Away from work, Slinkard makes time for “sitting by still streams and writing poetry, hiking, cycling, reading deep philosophical treatises (especially Stoicism) and facilitating labyrinth walks to destress my staff and other members of the community.”

1. How did you arrive in your position in facilities management at CU Boulder, and what does the job entail?

Alan Slinkard
Slinkard with Staff Council members at the Capitol for an All-Council Day in 2015.

I began my career as the campus window washer. My goal at the time was to utilize the job to assist me in finishing my degree so that I was not using needed financial resources to pay my way. As the job morphed, I began doing data analytics and worked in developing a temporary staffing program to supplement the hiring of the full-time staff I was also responsible for.

Another aspect of my role is to evaluate construction documents and determine if the standards being used by contractors meet the rigid goals we have for sustainability, quality and safety.

I also won an innovation grant in 2017 to institute a custodial inspection program with an application called OrangeQC.

Even though I have accomplished many things in my tenure here in FacMan, more than anything I have fallen in love with the beauty, the serenity and synergy of our beautiful campus.

2. What prompted you to get involved with the CU Boulder Staff Council and the University of Colorado Staff Council?

I served on Boulder Staff Council from 2013 through 2022 and have served on UCSC since 2018. Being an advocate all my life, Staff Council was a perfect extension of my desire to ensure that staff’s voice was heard and that their needs were being met.

3. How do you define shared governance?

Shared governance refers to the processes and structures that governing boards, faculty, professional staff and administration use to develop policies and make decisions that affect the institution.

Ideally, shared governance is characteristically collegial.
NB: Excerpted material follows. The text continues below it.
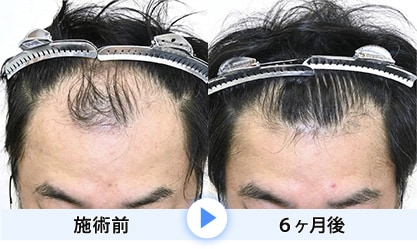 症例写真1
All individuals and groups get a chance to contribute and have their voices and opinions heard.

The benefit of shared governance is that it taps the knowledge, wisdom and experience of a variety of groups and people with the aim of sharing resources and identifying meaningful opportunities to help move the institution forward.
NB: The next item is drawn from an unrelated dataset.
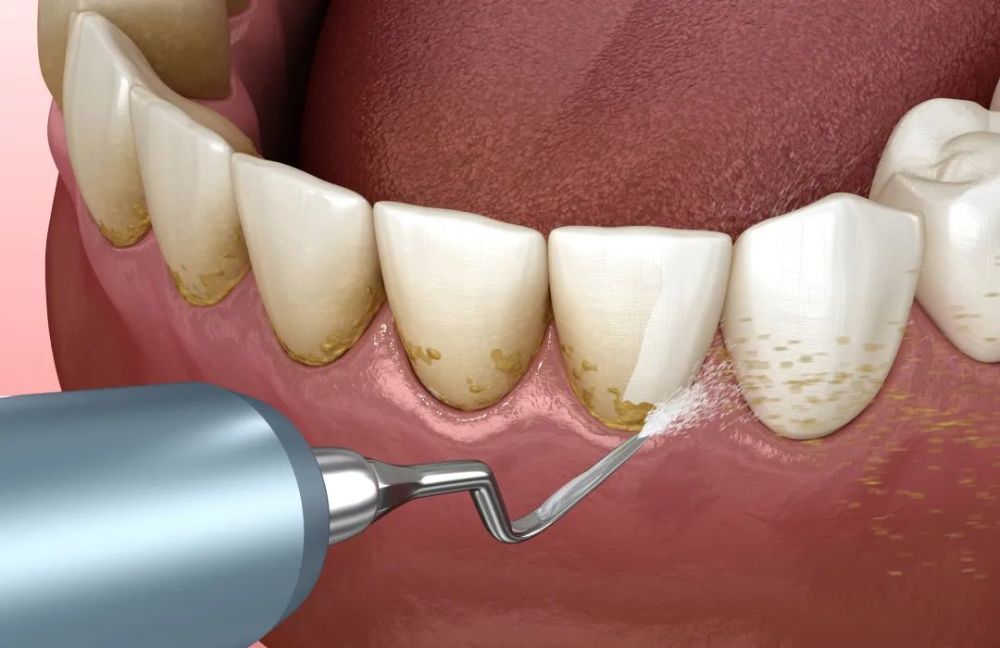 洗牙|每一个中国人，都应该好好去洗牙！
4. This year, you are serving as co-chair of UCSC with JáNet Hurt. How will the two of you share responsibilities?

Thus far it has been a work in progress as each of us has had scheduling challenges. However, at this point, we rotate chairing both full council meetings as well as executive sessions, and we rotate UCSC presentations to the Board of Regents. We have weekly leadership meetings to evaluate the work we have on our plate and to ensure that each of the items needing our attention is assigned accordingly.

Working with Ja’Net allows us as co-chairs to have individual as well as collegial goals. For me, staff housing, child care, continued enhancements to the tuition benefit and working to help the administration find the resources to enhance pay and retention issues are the big ones.

This year, the council’s top priorities are DEI, professional development, staff retention and a better understanding of what staff feels are their top three needs: pay, respect and advancement opportunities.

5. Why do you believe Staff Council is important to the university?

I believe there are three core values that make Staff Council a valued partner in the work of the university: advocacy, collaboration and transparency.

Advocacy is about serving staff members by representing their best interests to the university community, fostering a pathway of communication between upper administration and our constituents, and seeking diversity in membership, perspectives and ideas when representing staff culture.

Collaboration means creating a sense of community by forging effective partnerships with campus stakeholders and executing projects that are valuable to the organization.

Transparency comes from maintaining honest and transparent communications and processes, remaining accountable to ourselves and to our constituents by holding open meetings and publicizing our decisions, and intentionally sharing unbiased information with our stakeholders.